Even if our nation is not at war many live in cities and neighborhoods with gang violence; drive-by late night, early morning, anytime shootings.  Even if our neighborhood feels secure and free of violence, there is division within homes and relationships.  Peace would be heavenly but I can’t sleep, struggling with my own doubts and insecurities, anxieties and worries.  I need a savior.

“… and good will to all” we sang.  “Let’s share God’s peace with one another” the pastor says … my pew, pews close by, a wave across the church.  The pastor really means … Share God’s peace beyond the church walls, beyond one hour of worship time.  If I needle and barb I am sharpening my sword.  If I respond in anger or hurtful cynicism I am not forging plowshares.  If I am filled with fear and mistrust, a mean fighting spirit, if I am quick to react in anger, live with anger, cannot forgive, I am not a peacemaker.  I need a savior.

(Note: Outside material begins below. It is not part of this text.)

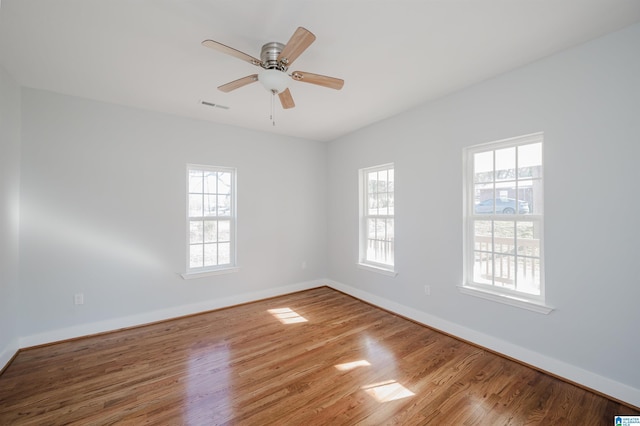 unfurnished room featuring hardwood / wood-style flooring and ceiling fan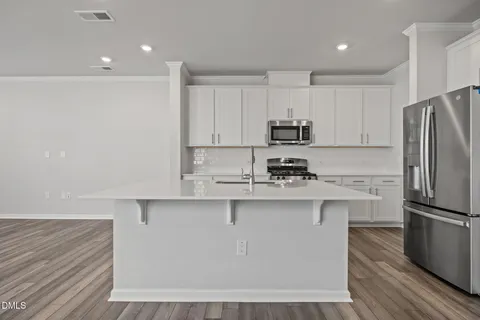 a kitchen with kitchen island white cabinets and stainless steel appliances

Isaiah said he would be called Wonderful Counsellor, mighty God, everlasting Father … the Prince of Peace; that a little child would lead us to peace.  They named him Jesus – for he will save his people from their sins. 

May “the peace of God, which passes all understanding, keep our hearts and minds through Christ Jesus.”  Amen  (Phil 4:7)

Verla Olson

December 20

Is my hand shortened, that it cannot redeem? Or have I no power to deliver? Isaiah 50:2

I pray that the eyes of your heart may be enlightened in order that you may know the hope to which he has called you, the riches of his glorious inheritance in his holy people, and his incomparably great power for us. Ephesians 1:18-19 NIV

We are blessed to be chosen by God as his adopted children. He sacrificed his son, Christ, to give us redemption through the blood of Jesus Christ and therefore, forgiveness of our trespasses. He has lavished us with the riches of his grace (Ephesians 1:4-8 paraphrased).

His power inspires us. There is no other baby whose birth is celebrated as is the birth of Jesus. As we prepare for the celebration of Jesus’ birth, we are reminded that because Jesus was born, died, and rose again on the behalf of each one of us, we are inheritors of the hope to which he called us; that is the riches of his glorious inheritance among the saints. No matter what, God is there to redeem each one of us. May we rejoice in this marvelous inheritance and share this good news during this season of celebration, and reach out to those who feel lost.

Dear Lord and Savior, Jesus Christ,

It is a glorious gift that we have been chosen as your adopted children and inheritors of eternal life. Thank you for never giving up on us and for welcoming us back into your fold no matter what has caused us to stray. Let us share the good news of you glorious inheritance. Help us to realize again and again what a marvelous gift it is for each of us to be counted among the saints. Amen.